Jeffrey S. Beelaert (John C. Cruden, Assistant Attorney General, James C. Kilbourne, William B. Lazarus, and Mary Gabrielle Sprague, Attorneys, with him on the brief), U.S. Department of Justice, Washington, D.C., for the United States, Defendant-Appellee.
Zackeree S. Kelin (Michael M. Mulder, The Law Offices of Michael M. Mulder, Evanston, Illinois, with him on the brief), Davis Kelin Law Firm LLC, Albuquerque, New Mexico, for the Individual Allottees, Defendants-Appellees.

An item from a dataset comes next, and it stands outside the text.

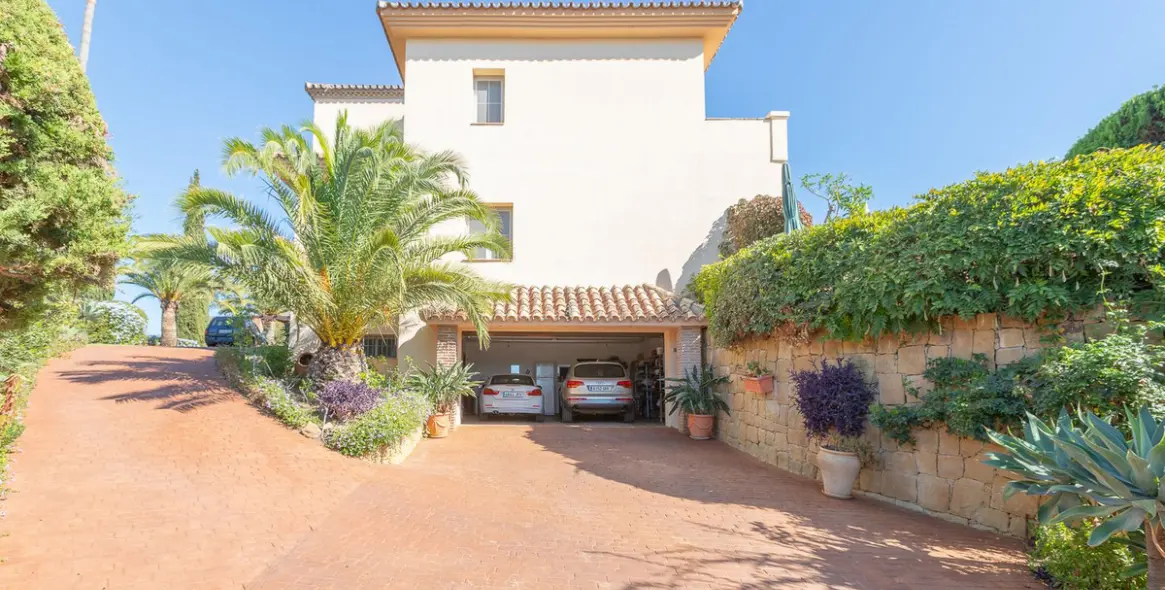 Sale of detached villa in Elviria 38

Clint Russell and Stratton Taylor, Taylor, Foster, Mallett, Downs Ramsey & Russell, Claremore, Oklahoma, filed an amicus brief for GPA Midstream Association, in support of Plaintiff-Appellant.

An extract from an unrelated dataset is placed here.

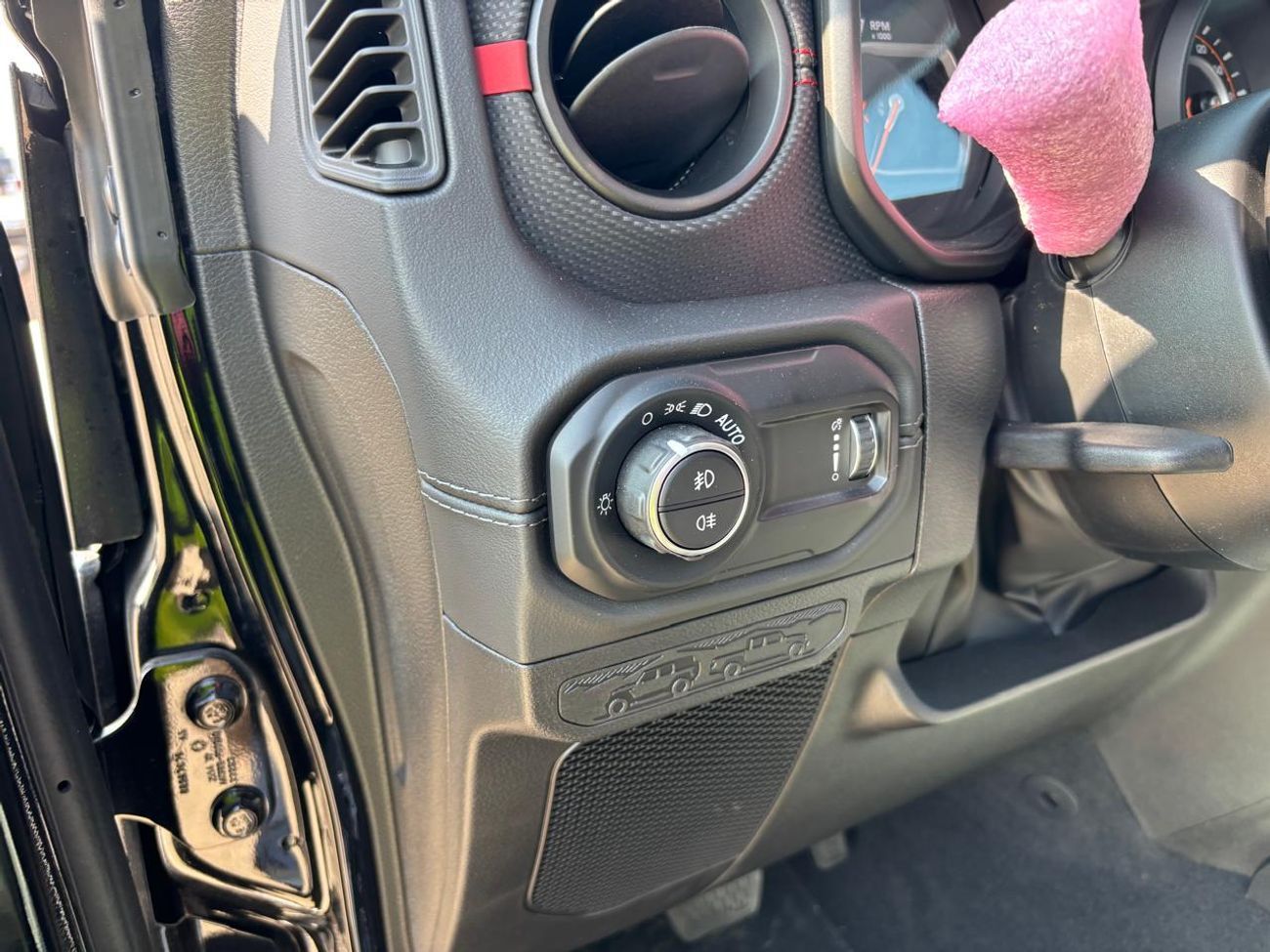 جيب رانجلر RUBICON 2.0L PETROL AUTOMATIC TRANSMISSION ( ONLY FOR RE-EXPORT OUTSIDE GCC COUNTRIES)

Jennifer H. Weddle, Troy A. Eid, Harriet McConnell, and Laura E. Jones, Greenberg Traurig, LLP, Denver, Colorado, for Ute Mountain Ute Tribe; John Dossett, National Congress of American Indians, Embassy of Trial Nations, Washington, D.C.; Dan Rey-Bear, Rey-Bear McLaughlin, LLP, Spokane, Washington, for Pueblo of Laguna; Naomi Stacy and Dan Hester, for Confederated Tribes of
Deana M. Bennett and Emil J. Kiehne, Modrall Sperling Roehl Harris & Sisk, PA, Albuquerque, New Mexico, filed an amicus brief for Transwestern Pipeline Company, LLC, in support of Plaintiff-Appellant.

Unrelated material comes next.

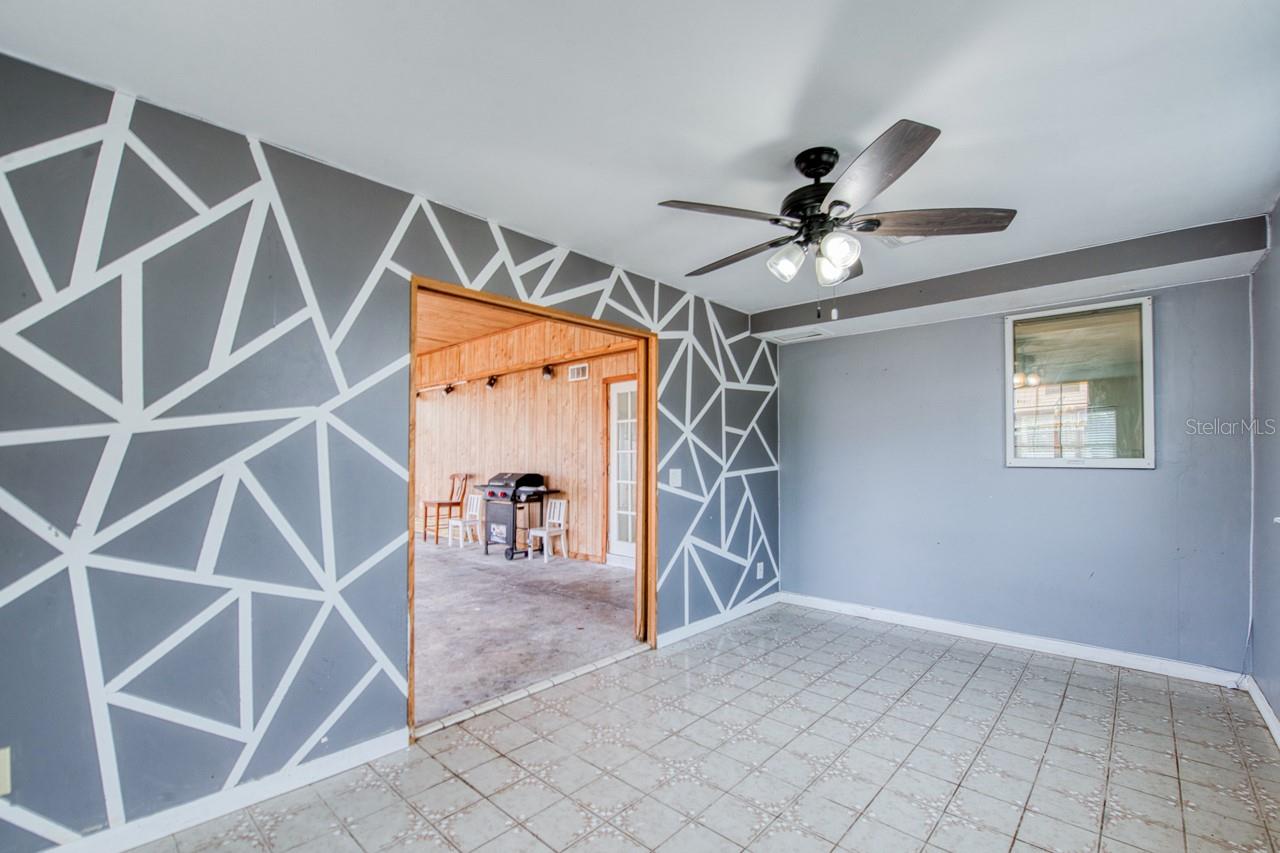 Image 21 of 48 For 2619 64th Place N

Before BACHARACH, PHILLIPS, and McHUGH, Circuit Judges.
PHILLIPS, Circuit Judge.
Unable to win the consent of all necessary landowners, a public utility company now contends that it has a statutory right to condemn a right-of-way on two parcels of land in New Mexico. Because federal law does not permit condemnation of tribal land, the Navajo Nation‘s ownership of undivided fractional interests in the parcels presents a problem for the company. We affirm the district court‘s dismissal of the condemnation action against the two land parcels in which the Navajo Nation holds an interest.
I
No one can feign surprise to learn that the United States government‘s treatment of the original inhabitants of this country has not been a model of justice. The government spent much of the nineteenth century emptying the eastern part of the country of Indians and sending them west. See Choctaw Nation v. Oklahoma, 397 U.S. 620, 623-26 (1970). Then, when settlers caught up with the tribes in the west, the government sought to confine those tribes, and other tribes native to the west, ever more tightly onto reservations. See, e.g., Williams v. Lee, 358 U.S. 217, 221-23 (1959). Much tragedy and bloodshed ensued.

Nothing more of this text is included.